Het College overweegt als volgt
Het College stelt vast dat in het biedingsbericht op verschillende plaatsen aandacht is besteed aan de overname van ATIC door HES Beheer.
Zo luidt (de laatste alinea van) § 3.2.1 (‘offer price’) als volgt:
“ The Offer Price already reflects the acquisition of ATIC, as the initial valuation of HES by the Offeror already assumed that ATIC would be a 100% subsidiary and
consequently, the Offeror has never considered an alternative offer price for HES
without ATIC as a 100% subsidiary. Furthermore, the completion of the ATIC
Transaction (described in further detail in Section 5.7 below) has been an important condition for the Offeror in making the Offer and has as such been taken into account by the Offeror when determining the Offer Price. From the beginning of the offer process, it has been the Offeror's position vis-à-vis the Company that it would only be willing to make the Offer in case the Company became the sole shareholder of ATIC. This is reflected by the fact that the completion of the ATIC Transaction is an Offer Condition, as set out in Section 3.9(k).”
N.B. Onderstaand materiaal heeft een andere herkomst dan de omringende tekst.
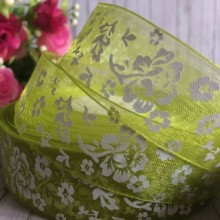 Органза півонія, 2,5 см, оливковий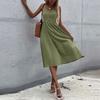 Women's Summer Casual Solid Color Square Neck Sleeveless Dress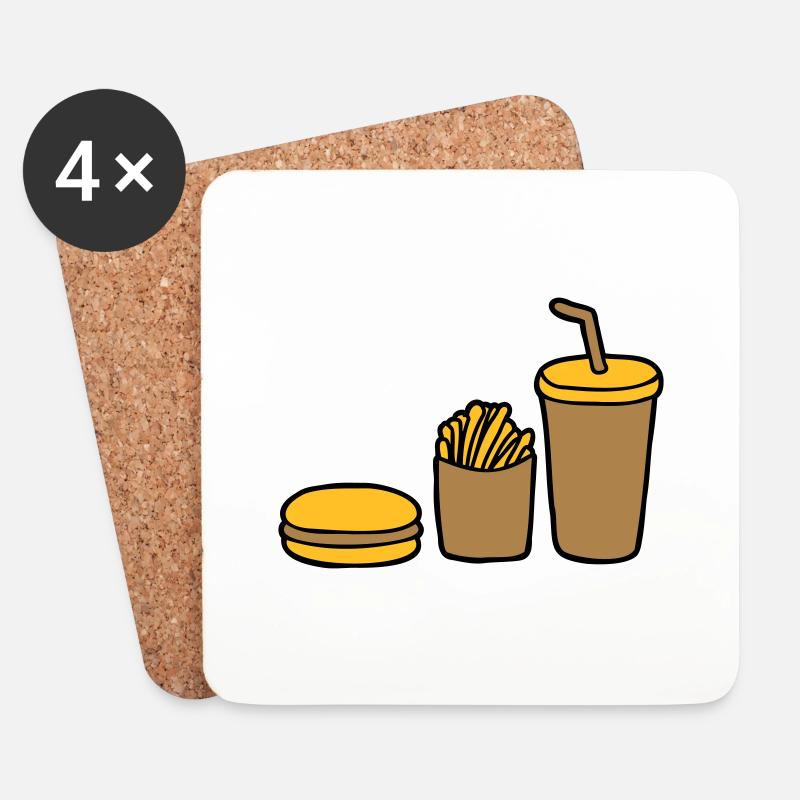 Burger Pommes Cola - Untersetzer (4er-Set) - Weiß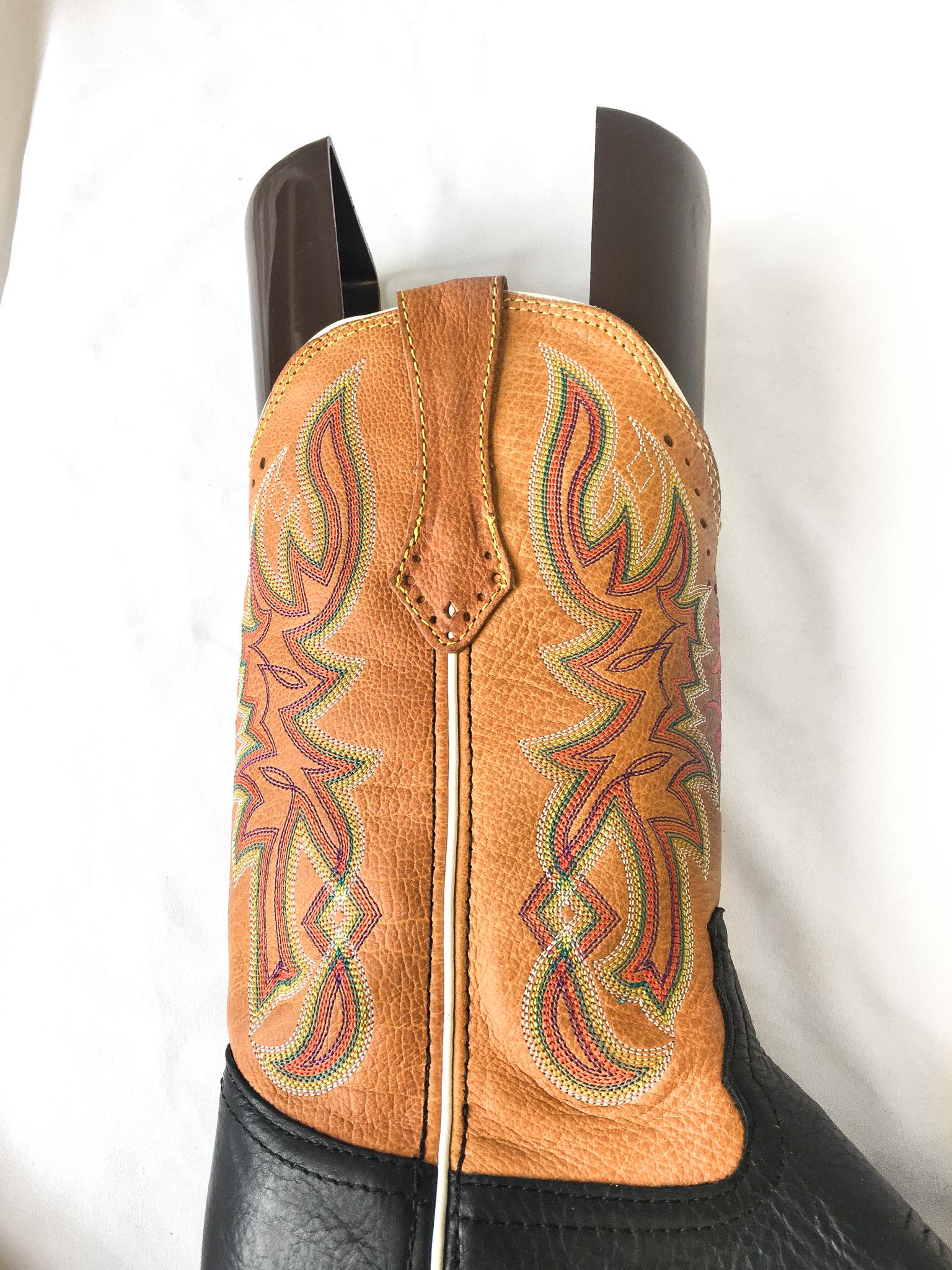 Vintage Inspired Tony Lama Black and Brown Leather Cowboy Boots with Multicolor Embroidery, Style #RR22113L, Men's Sz. 9B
In § 3.9 (‘Offer Conditions’) is het volgende neergelegd:
“ The obligation of the offeror to declare the Offer unconditional (gestand te doen) shall be subject to the satisfaction or waiver, if permitted, of the following offer conditions (…):
(…)
(k) the final transaction documentation in respect of the ATIC Transaction being in full force and effect and not having been terminated (…)”
In § 5.7 (‘Recent developments’) is het volgende vermeld:
“ On 30 June 2014, HES acquired ArcelorMittal’s stake (approximately 78%) in logistics service provider ATIC Services S.A. and Manufrance B.V. (the "ATIC Transaction"). Before the ATIC Transaction, HES held a 22% stake in ATIC Services S.A. As a result of completion of this transaction, HES became the sole owner of ATIC Services S.A. In addition, on 30 June 2014, HES transferred a 50.1% interest in OVET Holding to Oxbow Coal B.V., which disposal was required from a competition law perspective and as such was a condition for completing the ATIC Transaction (the "OVET Transaction"). ATIC Services S.A., founded in 1945, is a logistics service provider with a presence in several countries, including Germany, France, Belgium and Poland, specialising mainly in dry bulk storage and transhipment and inland shipping. ATIC Services S.A. has indirect interests in three Dutch companies in which HES also has a stake, namely OVET Holding, OBA Group and EMO/EKOM. The increase of HES' interest in ATIC Services S.A. is consistent with the policy of HES to expand its dry bulk activities. As a result of the ATIC Transaction the Company's international coverage will also broaden due to the international activities of ATIC Services S.A. (mainly in Europe). The activities of several of ATIC's participations abroad fit within HES' strategy.”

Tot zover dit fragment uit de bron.